Makes no sense to me why he would want to change from being a Stonecask, his mother raised him as one. Best I know the only other half orc he ever met was his brother.

At least for the moment we have him convinced not to use his favorite word again until he has earned his name. Which has him swearing to eat the Eater of the Dead. Or to fight it all on his own. I would be tempted to let him if there was not the worry of it killing him. Given that he has decided that I hate orcs, and that the elf is supporting him in his quest for his chosen last name, it seems like a good idea to keep an eye on Chonck.

Which leads to the Goblin Chonck claimed back at Yoyabo. It would seem that Leaky escaped sometime while I was recovering. Made it all the way from the Library to the forests without being noticed, despite leaving a trail the whole way. It could just be that Leaky paid good attention to what was going on when he was brought in, but it seems more likely that he had help. When given the chance, I want to ask Tusk about it. It seems like she should know something one way or the other.

No time to take care of that now though.
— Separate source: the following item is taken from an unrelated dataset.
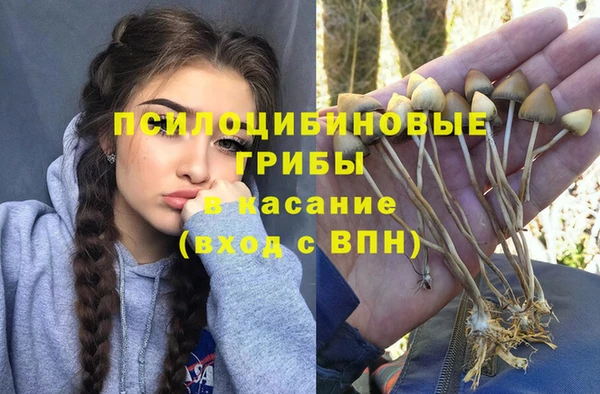 соль ск Алексин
Tomorrow we head out to the Goblin pit of Eebakuzi and the Eater of the Dead. I need to pack what I can and finish restocking before the morning.

28th of Spring, Year 256

Can not let the others see my hands shaking like this. Poison has mostly run its course, but the tips of my fingers are still numb. It looks bad that I passed out in front of everyone from it. Worse that Chonck expressed concern over it and I waved him off. That makes me seem careless.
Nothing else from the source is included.